The idea is that those who cannot keep up will be left behind and that this is a natural process that it is pointless to try and circumvent; attempts to do so are a waste of effort. Put bluntly, why shift resources from the strong, who are lifting up society, in order to support the weak, who are a drain on society?

This leads to a belief that the rich are rich because they deserve to be rich, and in becoming rich they are benefiting society as a whole, while the poor are poor because of various failings that make them in some way deserving of being poor, or at least unavoidably poor. If the poor deserve to be poor, then they do not deserve our help, and in fact, our help may be counter-productive in as much as it serves as a disincentive to struggle to lift yourself out of poverty.

A derivative of this philosophy is trickle down economics – the idea that by shifting resources to the rich, they will invest in ways that will stimulate the economy and benefit the rest of us.

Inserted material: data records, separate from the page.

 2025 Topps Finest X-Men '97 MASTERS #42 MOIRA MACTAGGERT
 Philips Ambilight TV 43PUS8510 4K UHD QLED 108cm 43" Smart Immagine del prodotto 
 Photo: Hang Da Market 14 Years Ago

One way or another, it becomes possible to genuinely believe that measures that inflict suffering on millions are a necessary part of a “tough love” that will ultimately strengthen society.

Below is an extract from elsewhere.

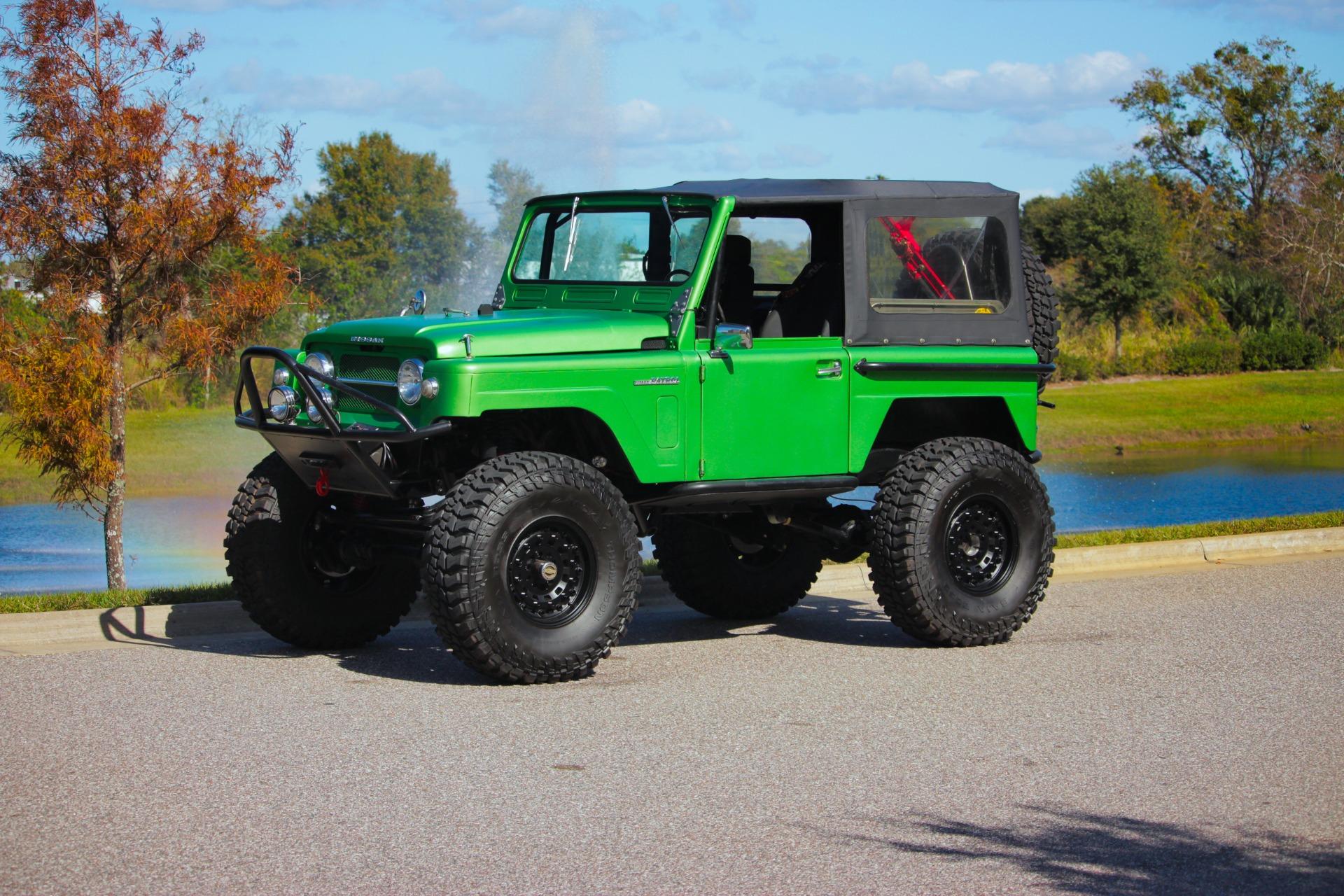 1963 Nissan  Patrol 19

How else do we explain the current Republican tax bill? It is designed to shift additional vast amounts of wealth to the rich, who have already become vastly richer over the past several decades, at the expense of the rest of society, and to pay for this shift of wealth upwards by removing vital subsidies that provide health insurance to millions of people, by increasing taxes over the next decade on those earning less than $75,000 a year, by removing tax breaks for the sick, and by driving up the deficit which will ultimately have to be paid for by all of us.

Most likely Republicans will demand the deficit be reduced, as they have repeatedly done in the past, by further attacks on programs that support the most vulnerable in society – the poor, the sick and the elderly.

How else to explain this incessant drive to shift wealth upwards to those who do not need it (the stock market, profits, corporate pay checks, and dividends have never been higher, and corporations have never sat on larger piles of cash) at the expense of those who desperately need it?

How else to explain the continuing support for the concept of trickle-down economics when it has been tried over and over again and clearly does not work? How else explain the repeated attempts to repeal the Affordable Care Act with no mechanism to protect the millions who will be deprived of health care? And how else explain the total lack of compassion and empathy in the Republican tax bill for the millions of lives that will be adversely affected, some of them with devastating consequences?

Somehow or another, it is acceptable to create millions of victims and to not feel their pain.

There is a moral bankruptcy and viciousness to the Republican tax proposal that cannot be explained simply in terms of evil people, or corporate lobbyists, or greed. There is an underlying philosophy at work that delegitimizes large sections of American society, that kills compassion and empathy, and in doing so enables otherwise decent people to inflict with equanimity, and for many of them with genuinely good intentions, unnecessary misery on potentially millions of their fellow citizens.

With the money the Republicans are proposing to give to the rich, we could fix the obvious problems of the Affordable Care Act, lift many out of poverty, rebuild infrastructure, and do a dozen other things that would have significantly greater economic impact than any effect of trickle-down economics. We desperately need this tax bill to be consigned to the dustbin and for Republicans to begin looking for real ways to help all Americans.